• WHAT YOU NEED TO DO
Once you find the line with "Nature Village - Homely" in the entries below, print it and each line after it up to and including the line with "Ecx Amp Mt 2wd", exactly, without pictures.

• STORED DATA
==*==

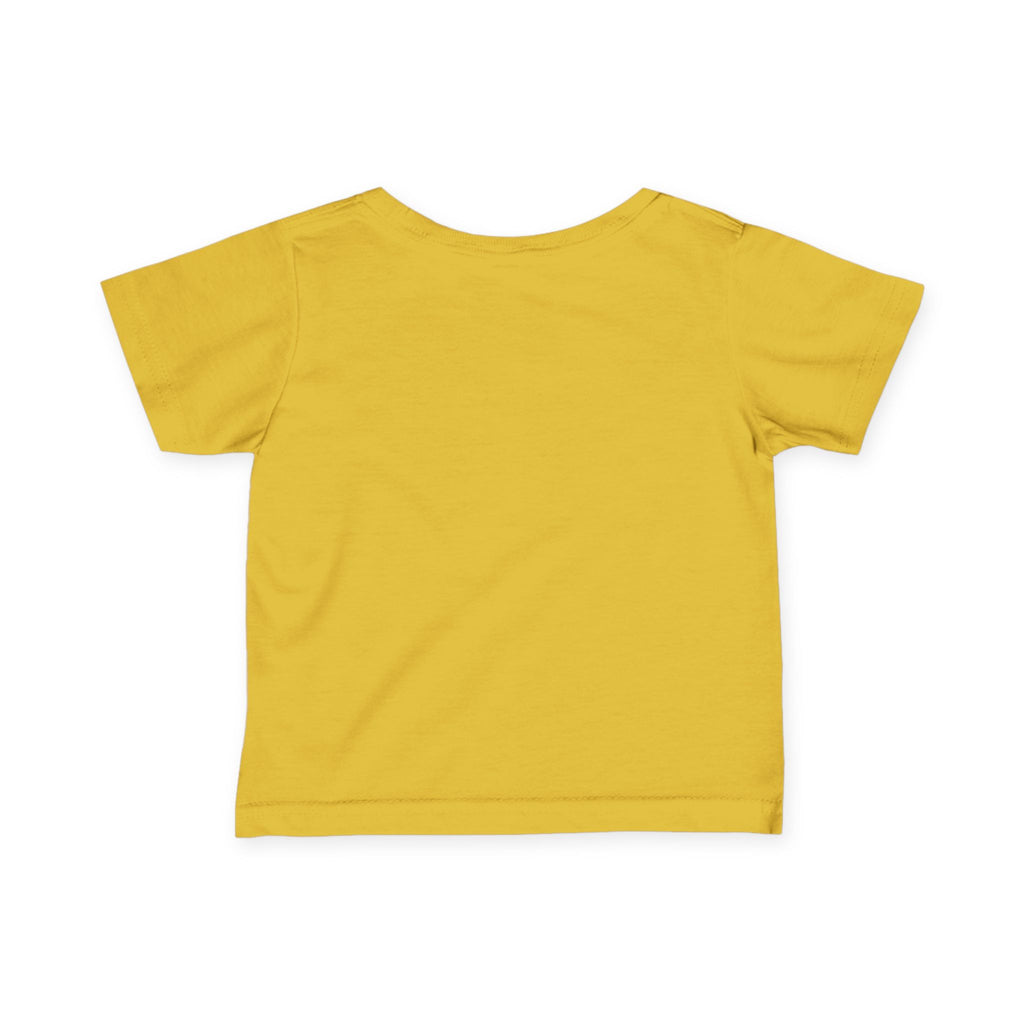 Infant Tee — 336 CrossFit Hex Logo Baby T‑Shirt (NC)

==*==

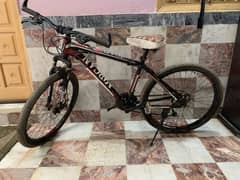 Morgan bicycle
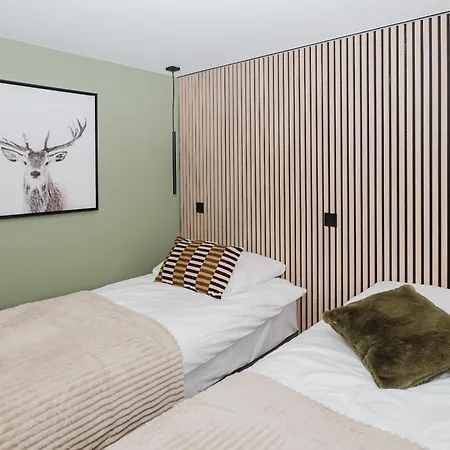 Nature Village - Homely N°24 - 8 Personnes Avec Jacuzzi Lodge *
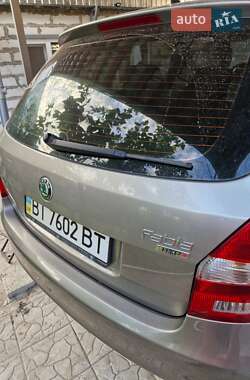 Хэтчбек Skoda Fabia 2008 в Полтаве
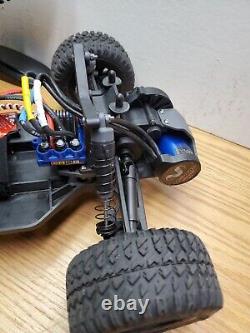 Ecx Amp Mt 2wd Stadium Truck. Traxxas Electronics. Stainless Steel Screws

==*==

• ANSWER TO THIS TASK
 Nature Village - Homely N°24 - 8 Personnes Avec Jacuzzi Lodge *
 Хэтчбек Skoda Fabia 2008 в Полтаве
 Ecx Amp Mt 2wd Stadium Truck. Traxxas Electronics. Stainless Steel Screws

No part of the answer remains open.